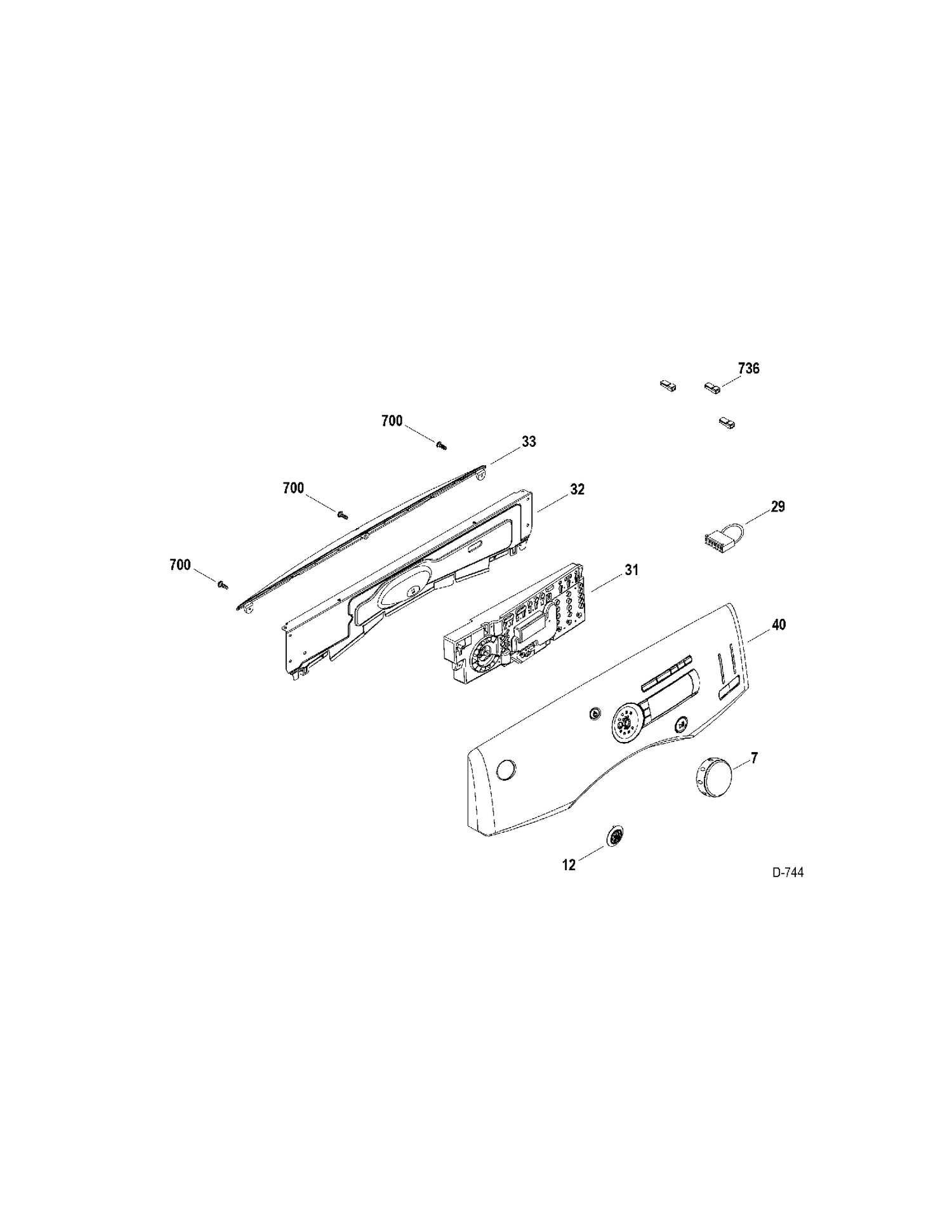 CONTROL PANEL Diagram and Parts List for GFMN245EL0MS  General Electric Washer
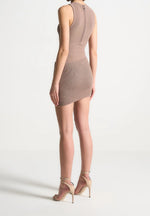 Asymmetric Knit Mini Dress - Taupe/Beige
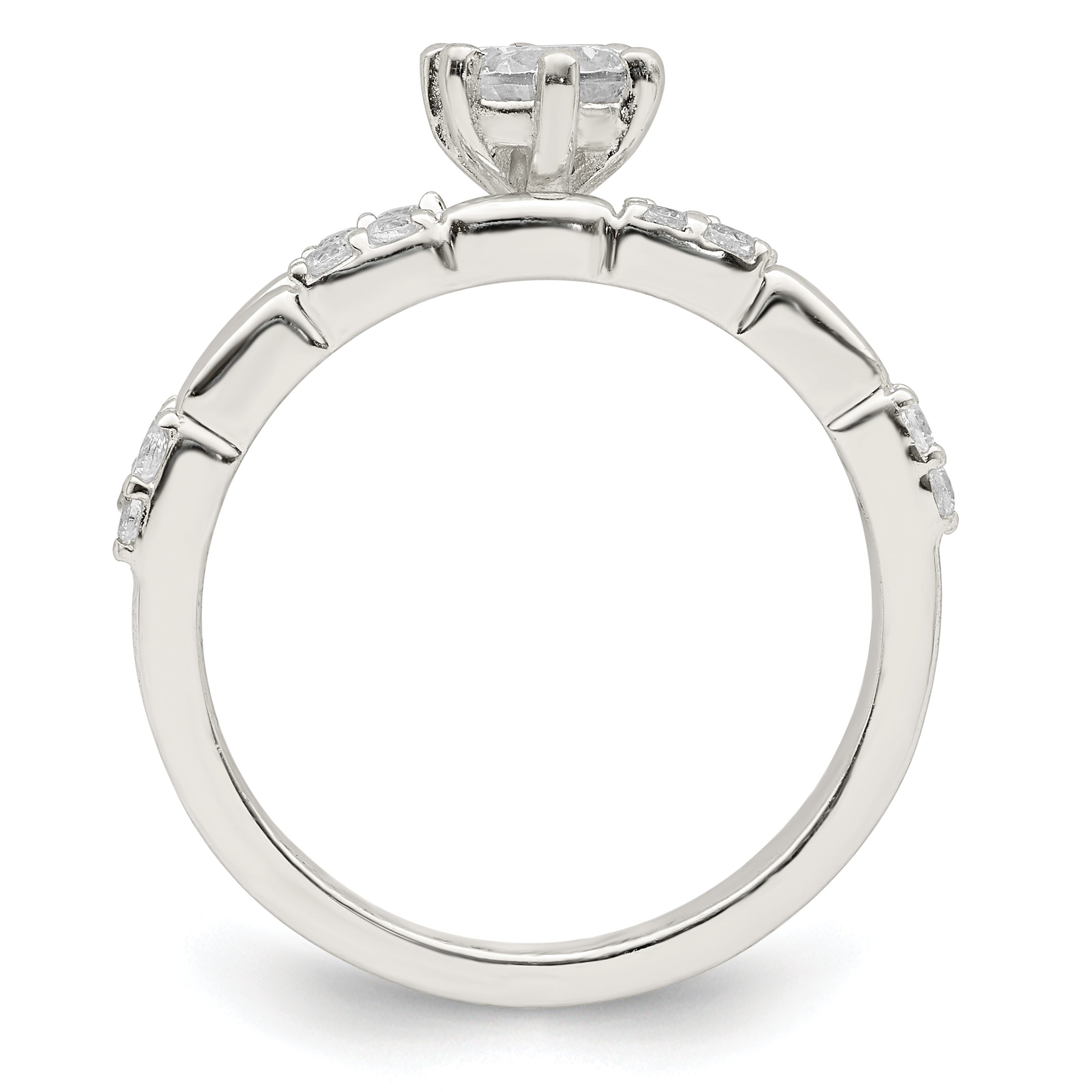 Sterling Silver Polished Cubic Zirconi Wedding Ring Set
◇ ◇ ◇ ◇ ◇ ◇ ◇
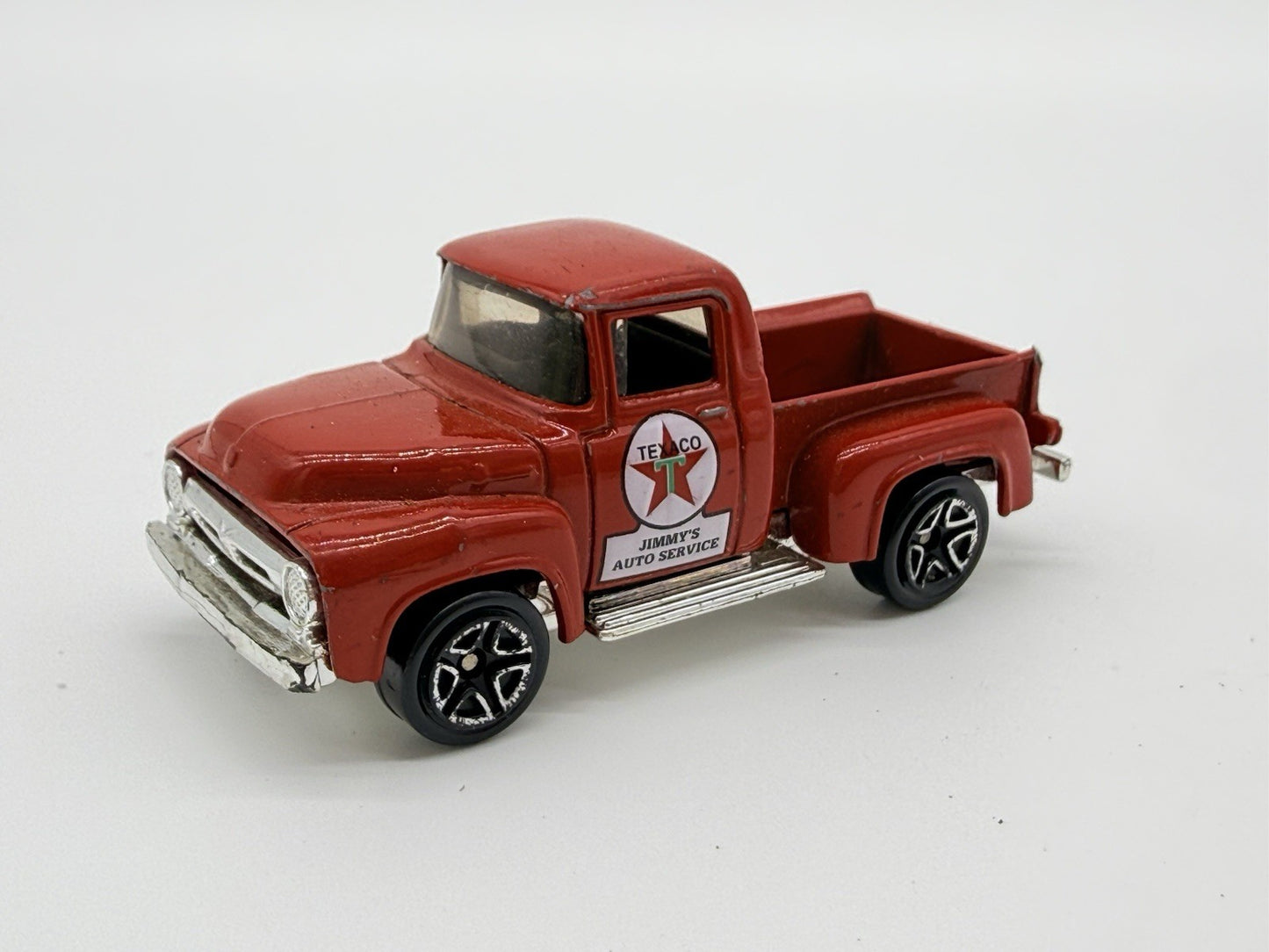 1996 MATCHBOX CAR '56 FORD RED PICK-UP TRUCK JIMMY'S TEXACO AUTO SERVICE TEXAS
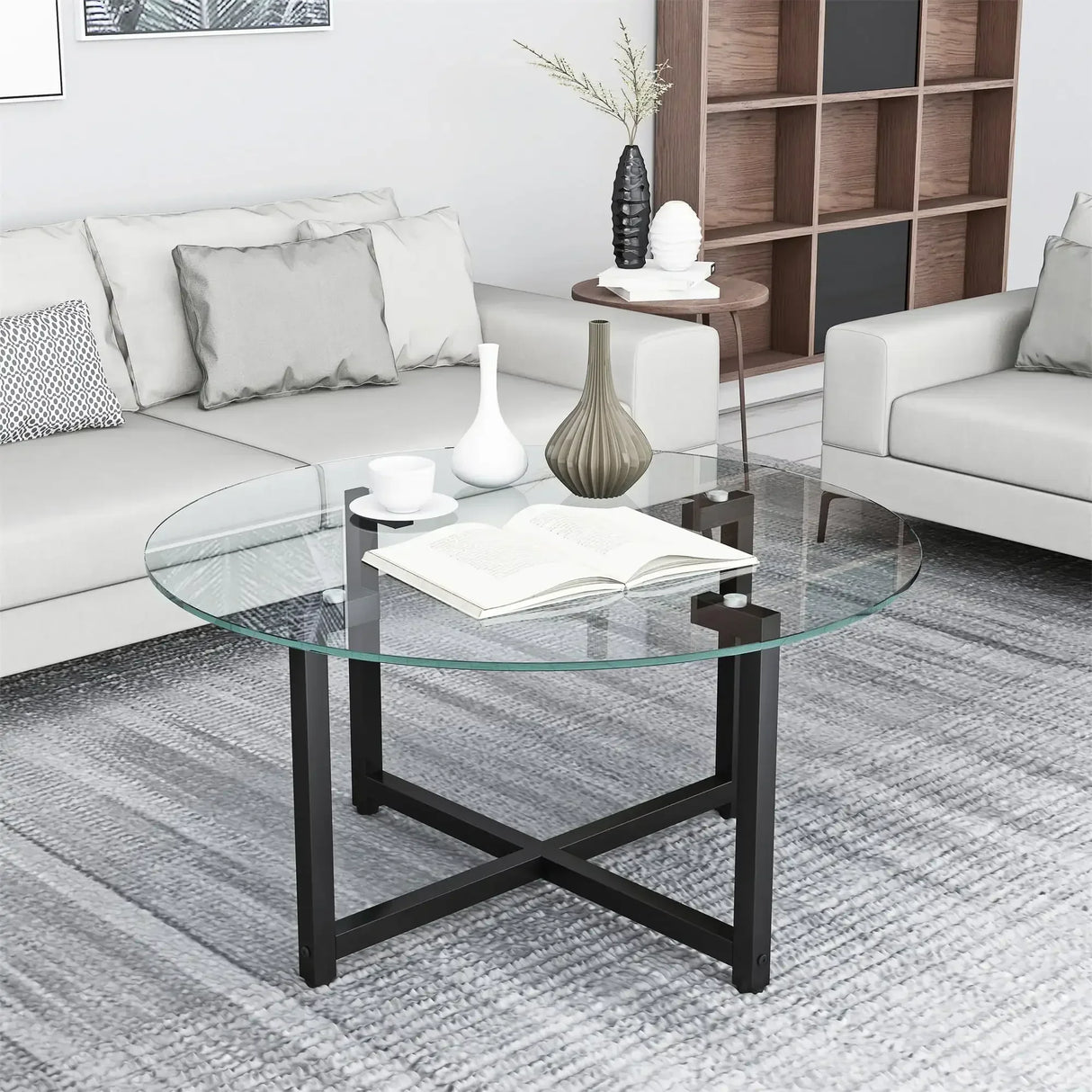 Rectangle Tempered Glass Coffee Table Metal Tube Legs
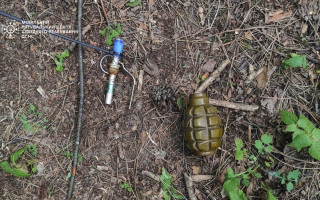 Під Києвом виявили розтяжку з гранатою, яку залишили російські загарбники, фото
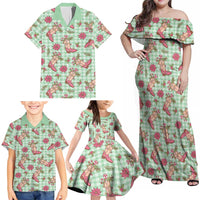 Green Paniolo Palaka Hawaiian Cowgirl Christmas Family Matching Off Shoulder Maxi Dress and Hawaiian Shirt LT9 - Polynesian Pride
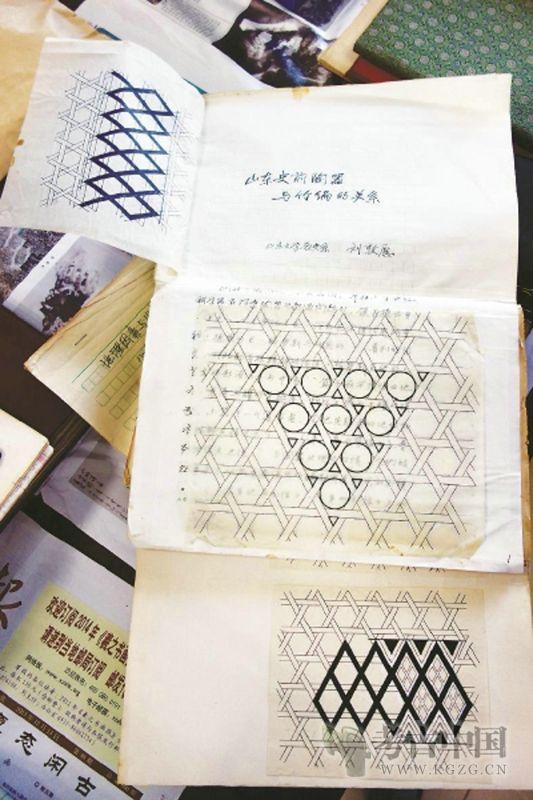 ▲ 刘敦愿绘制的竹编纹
◇ ◇ ◇ ◇ ◇ ◇ ◇
(About this task):
Quote the lines above exactly, starting with the one that has "CONTROL PANEL Diagram" and ending with the one that has "Sterling Silver Polished"; drop the pictures and include nothing else.

(Exercise output):
 CONTROL PANEL Diagram and Parts List for GFMN245EL0MS  General Electric Washer
 Asymmetric Knit Mini Dress - Taupe/Beige
 Sterling Silver Polished Cubic Zirconi Wedding Ring Set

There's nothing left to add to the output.